Exercise brief. When you reach the line with "A living room" in the records below, begin transcribing exactly and continue up to and including the line with "U.S. Air Force Staff", leaving out every picture.

Exercise data.
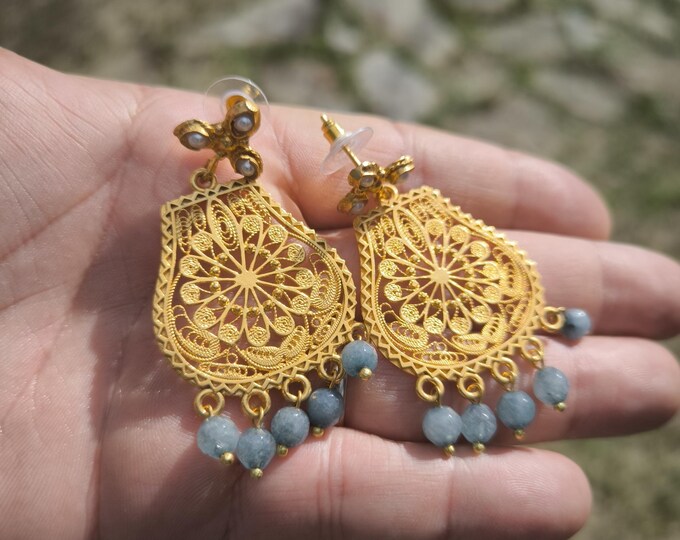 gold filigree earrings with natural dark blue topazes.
* * *
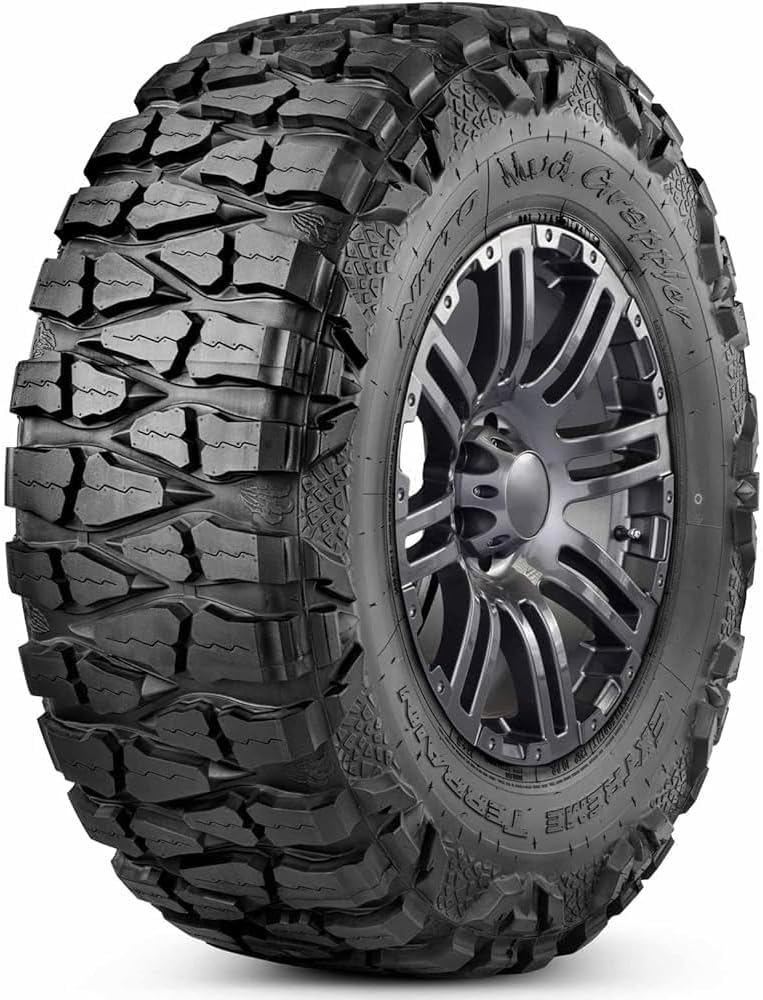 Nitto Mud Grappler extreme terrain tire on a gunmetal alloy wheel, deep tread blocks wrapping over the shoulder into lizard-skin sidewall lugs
==
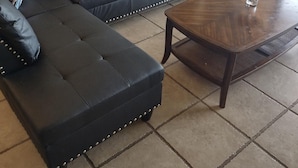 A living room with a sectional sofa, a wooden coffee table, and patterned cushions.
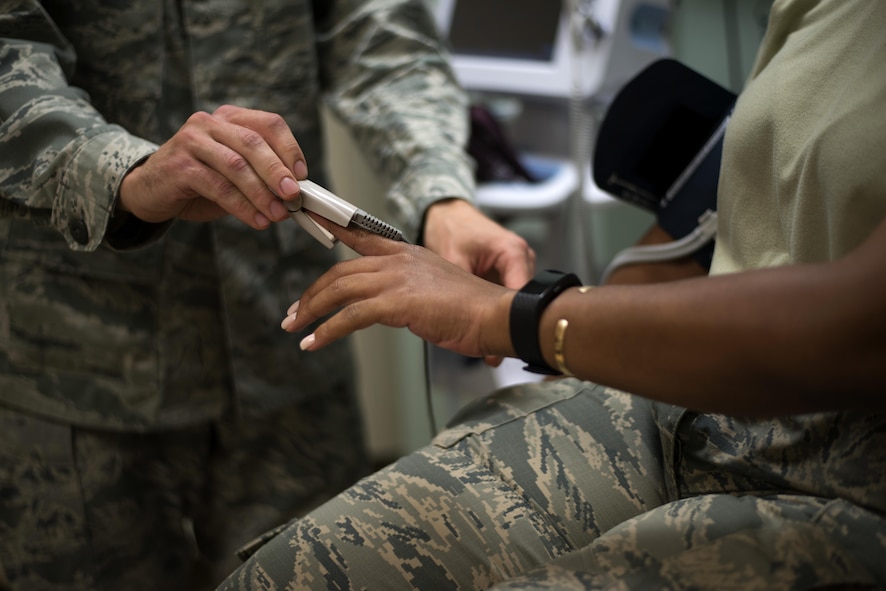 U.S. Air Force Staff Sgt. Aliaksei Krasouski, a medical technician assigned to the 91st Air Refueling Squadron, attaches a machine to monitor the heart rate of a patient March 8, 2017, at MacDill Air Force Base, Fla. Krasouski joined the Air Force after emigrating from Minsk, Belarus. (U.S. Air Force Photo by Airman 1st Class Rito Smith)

The completed task.
 A living room with a sectional sofa, a wooden coffee table, and patterned cushions.
 U.S. Air Force Staff Sgt. Aliaksei Krasouski, a medical technician assigned to the 91st Air Refueling Squadron, attaches a machine to monitor the heart rate of a patient March 8, 2017, at MacDill Air Force Base, Fla. Krasouski joined the Air Force after emigrating from Minsk, Belarus. (U.S. Air Force Photo by Airman 1st Class Rito Smith)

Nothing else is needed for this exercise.